Below is a complete table of the posterior probability \(p_k=P(B\mid H_1,\dots,H_k)\) after each successive throw of heads. Values are rounded to three decimals.

Flip \(k\)

Posterior \(p_k\)

0 (prior)

0.100

1

0.151

2

0.221

3

0.313

4

0.421

5

0.538

6

0.651

7

0.749

8

0.827

9

0.884

10

0.924

Notice how evidence accumulates rapidly: after just five heads, the biased coin is already more likely than not, and by the tenth head, the posterior has climbed to about 0.924. If we had observed a tails at any point, our confidence would have decreased instead, since the biased coin is less likely to show tails than a fair coin.

The Convergence of Beliefs

An important property of Bayesian updating is that with sufficient evidence, the posterior probabilities tend to converge toward the truth, regardless of the initial prior (as long as the prior isn’t exactly 0 or 1, which would represent absolute certainty).
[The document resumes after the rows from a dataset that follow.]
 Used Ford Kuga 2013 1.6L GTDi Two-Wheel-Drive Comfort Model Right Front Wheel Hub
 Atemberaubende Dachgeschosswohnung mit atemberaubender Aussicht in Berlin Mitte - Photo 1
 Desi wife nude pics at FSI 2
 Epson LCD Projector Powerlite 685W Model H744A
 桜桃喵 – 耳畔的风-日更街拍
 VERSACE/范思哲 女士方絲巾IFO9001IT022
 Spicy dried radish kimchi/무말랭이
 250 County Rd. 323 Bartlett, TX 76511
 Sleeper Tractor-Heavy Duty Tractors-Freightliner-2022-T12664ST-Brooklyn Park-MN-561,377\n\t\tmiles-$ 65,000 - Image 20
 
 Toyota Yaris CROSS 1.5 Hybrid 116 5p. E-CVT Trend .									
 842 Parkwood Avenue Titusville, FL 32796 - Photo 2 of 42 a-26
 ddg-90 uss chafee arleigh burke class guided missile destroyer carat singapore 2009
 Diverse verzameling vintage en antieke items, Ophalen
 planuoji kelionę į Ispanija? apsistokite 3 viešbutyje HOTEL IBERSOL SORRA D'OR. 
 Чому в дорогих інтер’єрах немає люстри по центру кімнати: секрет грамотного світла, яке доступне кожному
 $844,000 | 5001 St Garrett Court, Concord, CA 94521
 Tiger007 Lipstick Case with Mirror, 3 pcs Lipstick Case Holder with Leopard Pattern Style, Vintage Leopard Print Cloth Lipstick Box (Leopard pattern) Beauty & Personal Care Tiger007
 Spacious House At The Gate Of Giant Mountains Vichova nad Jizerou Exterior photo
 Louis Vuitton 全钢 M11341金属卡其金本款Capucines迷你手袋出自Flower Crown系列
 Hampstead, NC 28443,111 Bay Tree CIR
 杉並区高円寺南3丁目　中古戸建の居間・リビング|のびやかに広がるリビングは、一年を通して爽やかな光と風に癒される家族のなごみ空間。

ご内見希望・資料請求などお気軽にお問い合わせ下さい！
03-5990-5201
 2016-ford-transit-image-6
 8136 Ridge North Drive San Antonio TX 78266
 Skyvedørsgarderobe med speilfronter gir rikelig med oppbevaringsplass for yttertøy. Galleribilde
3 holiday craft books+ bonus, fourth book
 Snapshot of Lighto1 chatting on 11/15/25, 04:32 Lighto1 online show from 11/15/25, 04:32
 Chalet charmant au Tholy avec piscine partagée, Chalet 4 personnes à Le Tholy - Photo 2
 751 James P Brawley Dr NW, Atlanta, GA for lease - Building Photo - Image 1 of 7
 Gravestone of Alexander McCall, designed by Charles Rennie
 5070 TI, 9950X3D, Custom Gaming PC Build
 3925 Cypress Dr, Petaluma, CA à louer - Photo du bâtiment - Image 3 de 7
This is why Bayesian methods are widely used in scientific and statistical reasoning— even if researchers begin with different prior beliefs, accumulating evidence will eventually lead them toward similar conclusions.

4.5.2. Comparison with One-Step Computation

We could have directly calculated the probability \(P(B|H_1,H_2,...,H_{10})\) by taking the following steps:

Step 1: Apply Bayes’ rule by treating the sequence of ten heads as a single event

\[P(B|H_1,H_2,...,H_{10}) = \frac{P(H_1,H_2,...,H_{10}|B) P(B)}{P(H_1,H_2,...,H_{10}|B) P(B) + P(H_1,H_2,...,H_{10}|B') P(B')}\]

Step 2: Compute the components

With independent flips,

\[P(H_1,H_2,...,H_{10}|B) = P(H_1|B) P(H_2|B) \times ... \times P(H_{10}|B) = (0.8)^{10}\]

And similarly,

\[P(H_1,H_2,...,H_{10}|B') = (0.5)^{10}\]

Step 3: Substitute

\[P(B|H_1,H_2,...,H_{10}) = \frac{(0.8)^{10} \times \frac{1}{10}}{(0.8)^{10} \times \frac{1}{10} + (0.5)^{10} \times \frac{9}{10}} \approx 0.924\]

This direct approach yields the same result as sequential updating. However, the sequential approach has a few advantages:

  1. It shows how our beliefs evolve with each new piece of evidence.

  2. It allows us to stop and make decisions at any point in the sequence.

  3. It more naturally accommodates scenarios where evidence arrives over time.

  4. It often involves simpler calculations at each step.

4.5.3. Bringing It All Together

Key Takeaways 📝

  1. Bayesian updating allows us to revise probability assessments sequentially as new evidence emerges.

  2. The posterior probability from one calculation becomes the prior probability for the next, creating a chain of updates.

  3. With sufficient evidence, probabilities tend to converge toward the truth regardless of initial priors (unless they’re 0 or 1).

  4. Sequential updating reflects how we naturally learn and revise our beliefs based on accumulated experience.

Exercises

  1. You have two bags of marbles. Bag A contains 3 red and 7 blue marbles. Bag B contains 8 red and 2 blue marbles. You select a bag at random (equal probability) and draw a marble that turns out to be red. What is the probability that you selected Bag B? If you replace the marble and draw again, getting another red marble, what is the updated probability?